CA Lyon, 7e ch. C, 24 mai 2006, n° 249-06

LYON

Arrêt

PARTIES

Défendeur :

Dessaint, Institut supérieur d'osthéopathie, Registre des osthéopathes de France, Perret

COMPOSITION DE LA JURIDICTION

Président :

M. Baizet

Conseillers :

MM. Penaud, Martin

Avocats :

Mes Durand, Portejoie

TGI Lyon, du 22 mars 2005

22 mars 2005

Par jugement en date du 22 mars 2005, le Tribunal de grande instance de Lyon a retenu Jean-Pierre Dessaint dans les liens de la prévention pour avoir, à Limonest (69), entre le 13 février 2003 et le 8 avril 2003, en tout cas sur le territoire national et depuis temps non prescrit,

- effectué une publicité comportant des allégations, indications ou présentations fausses ou de nature à induire en erreur sur les résultats attendus, en l'espèce l'obtention du diplôme d'ostéopathe appelé "Bachelor of science in osteopathy",

(art. L. 121-1, L. 121-5, L. 121-6 al. 1, L. 121-4, L. 213-1. du Code de la consommation); Et par application des articles susvisés, l'a condamné à:

Quatre mois d'emprisonnement avec sursis, dix mille euro d'amende, A ordonné la publication de l'enfler dispositif du jugement dans "Le Progrès" et au "Quotidien Du Médecin",

A ordonné la cession immédiate de la publicité, notamment sur le site internet et sur tous documents et brochures publicitaires,

Le condamné étant redevable du droit fixe de procédure.
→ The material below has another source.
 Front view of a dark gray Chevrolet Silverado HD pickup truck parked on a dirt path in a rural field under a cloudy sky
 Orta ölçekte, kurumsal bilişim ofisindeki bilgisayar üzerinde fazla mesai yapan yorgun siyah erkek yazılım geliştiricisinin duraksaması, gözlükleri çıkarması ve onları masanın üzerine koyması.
Sur l'action civile : le tribunal a condamné le prévenu, solidairement avec l'institut

supérieur d'ostéopathie, à payer à la partie civile ROF 7 500 euro à titre de dommages-intérêts et 800 euro en application de l'article 475-1 du Code de procédure pénale ; Les a condamnés aux dépens de l'action civile.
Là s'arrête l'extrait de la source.